筆者の母の場合、峠を越えたところにある集落に祖母の生家があったり、兄嫁は江戸時代からある街道を越えた町からやって来るなど、半径5キロメートル以内に親戚筋の人々の多くが住んでいました。そしてそれが当たり前のように受け止められているのです。

身内が近くに住んでいると、コミュニティががっちり固められてしまい、他の人が入る隙がなくなります。よそ者に冷たいと指摘されるのは、単に集落の絆が固いからだけではなく、親戚縁者の集まりなため血縁関係のない外部を受け入れるのに抵抗があるのです。

一方、筆者の父の親戚は、同じ自治体に住んでいたり他県に住んでいたり様々です。結婚相手が親戚縁者の知人という人は皆無で、付き合いも非常にドライ。子供時代に筆者が住んでいた街と母の実家は車にして1時間もかかりませんでしたが、距離以上に考え方が遠く離れているのを幼心に感じていました。

都会育ちが田舎の独特な世界観を理解するのは難しい

自分の実家や祖父母の家を「田舎」と言う人は少なくありません。しかし、田畑や山に囲まれている意味での田舎を指すとは限らず、さらに人口流出が続く中では田舎特有の世界に触れる機会のない人が増えています。
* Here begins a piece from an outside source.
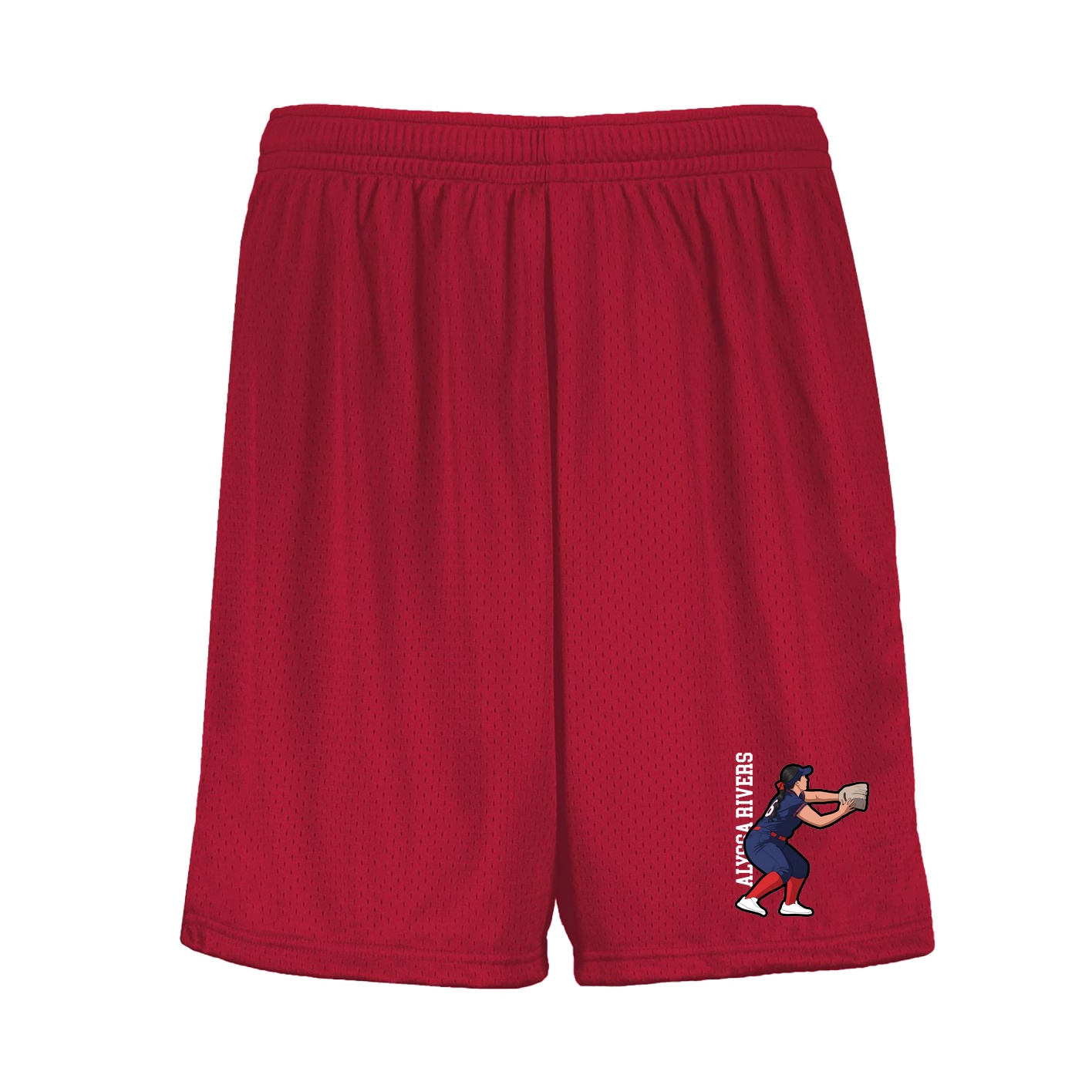 Shorts — Name Vertical in Red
コロナ禍で田舎の恐ろしい面ばかりが話題になりますし、街に比べれば閉鎖的な社会です。しかし、帰り際にジャガイモや大根、栗などを渡される人情味あふれる良さや、災害時に地域一丸となって立ち向かう良い面もあります。田舎批判に終始するのではなく、独特なコミュニティを形成していることを理解する必要もあるのではないでしょうか。